Von Teppichen und Marmor

Das ist es, was das planlose Reisen so reizvoll macht: du stößt auf Neues, Unbekanntes, bei dem du dir erstaunt die Augen reibst. Denn bis vor wenigen Minuten hattest du nicht den Hauch einer Ahnung davon.

Zufällig war ich gestern Abend auf einen Internet-Eintrag über das Teppichmuseum in Arraiolos gestoßen, wo wir übernachtet haben. Heute Morgen machen wir uns auf den Weg und stoßen schon nach wenigen Minuten auf einen Platz.

An dem einem Ende wird auf der Wand der Kirche die Färbertradition des Ortes dokumentiert. Hier auf dem Dorfplatz wurde früher in großen Trögen, die in die Erde eingelassen waren, die Wolle gefärbt.

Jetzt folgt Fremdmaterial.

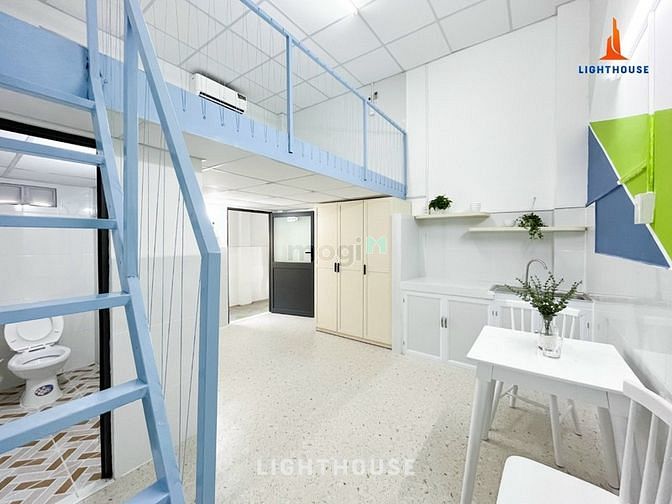 Hình ảnh Duplex mới xây full nt ngay Nguyễn Thị Định Đảo Kim Cương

Am anderen Ende des Platzes liegt das Teppichmuseum. Wir hatten ein kleines, in die Jahre gekommenes Haus erwartet. Weit gefehlt! Im ehemaligen Krankenhaus der Stadt wurde 2013 ein großes, modernes und professionell geführtes Museum eröffnet.

Warum, überlegen wir, und erfahren per Film, Flyer und Exponaten, dass die Teppiche aus der einstigen Grafschaft Arraiolos weit über ihre Grenzen hinaus berühmt sind für ihre Farbenvielfalt, ihre Akkuratesse, und ihre Langlebigkeit. Seit rund 500 Jahren werden hier Teppiche in besonderer Weise hergestellt: es werden Stoffe aus Leinen oder Hanf gewebt, mit Ornamenten bemalt und dann mit Schurwolle bestickt.

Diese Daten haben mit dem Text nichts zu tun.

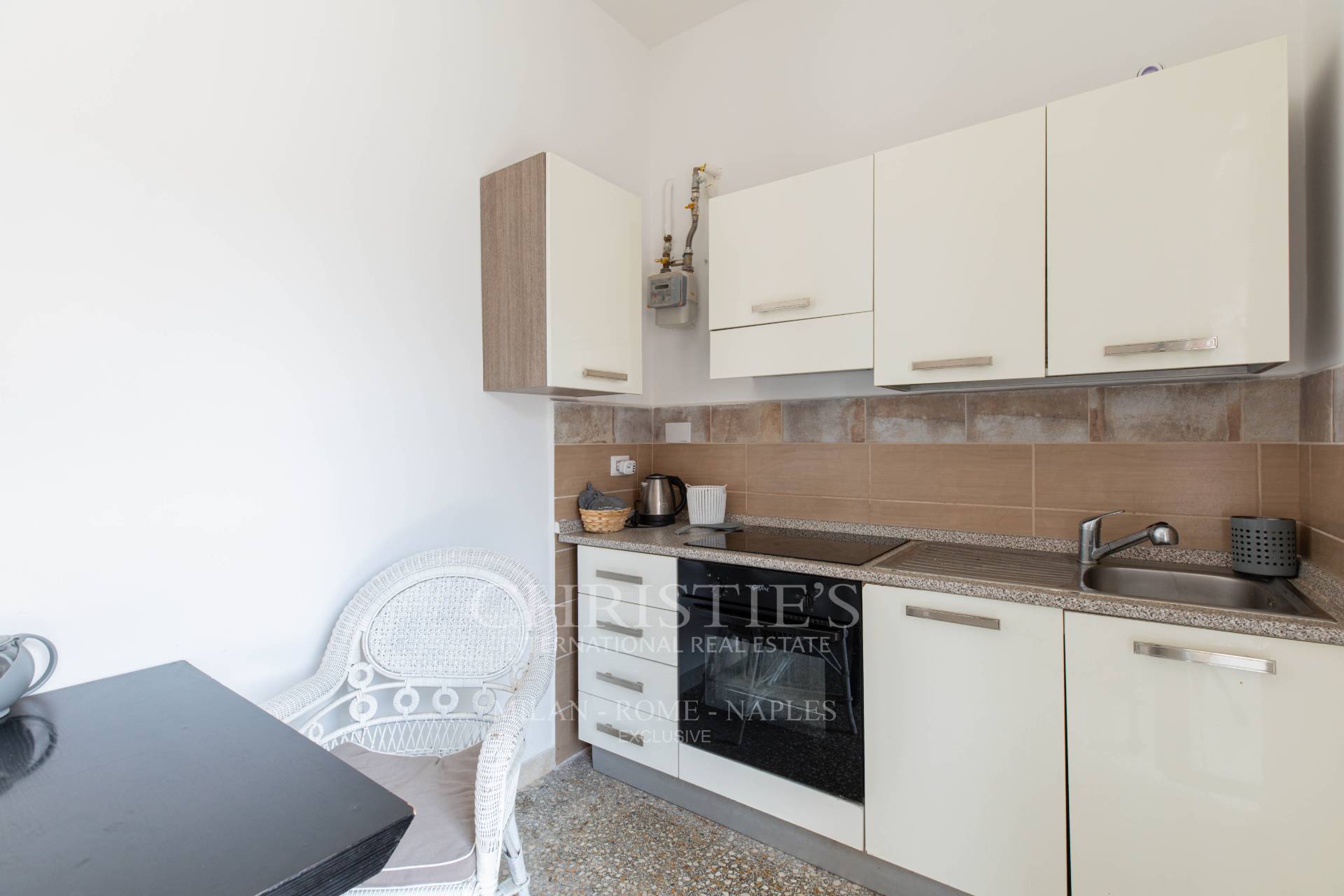 picture of Penthouse With Large Perimeter Terrace In Via Gregorio Xi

Eine Stickerin führt den Museumsgästen diese traditionelle Handwerkskunst live vor. Erfahrene Stickerinnen schaffen hauptberuflich bis vier Quadratmeter pro Monat, nebenberuflich arbeitende, gerade einmal die Hälfte, erfahren wir.

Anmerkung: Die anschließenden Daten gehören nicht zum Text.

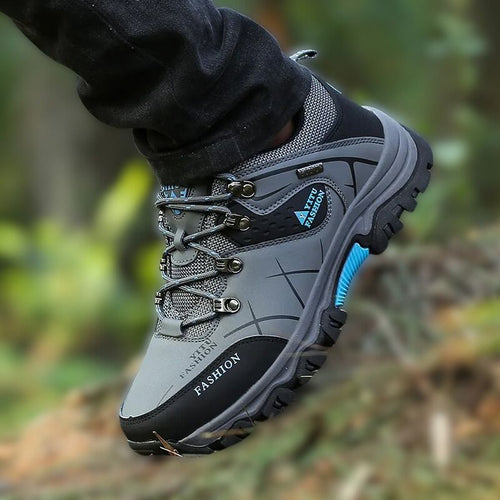 W&W Mode | Outdoor-Trail-Sneaker mit Gepolsterter Sohle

Inspiriert von der Schönheit der Teppichkunst klettern wir in unseren Bus, um schon nach wenigen Kilometern wieder verblüfft zu werden von dem, was wir draußen erspähen.

Wir passieren gerade den Ort Borba. Borba, Borba, da war doch was mit Marmor, grübeln wir. Schaut ganz danach aus. Wir fahren an etlichen Abraumhalden vorbei, aus denen immer wieder Marmorstücke hervorblitzen.

Eine Recherche im Netz bringt uns auf die richtige Spur: Wir befinden uns in einem der wichtigsten Marmorabbaugebiete Europas.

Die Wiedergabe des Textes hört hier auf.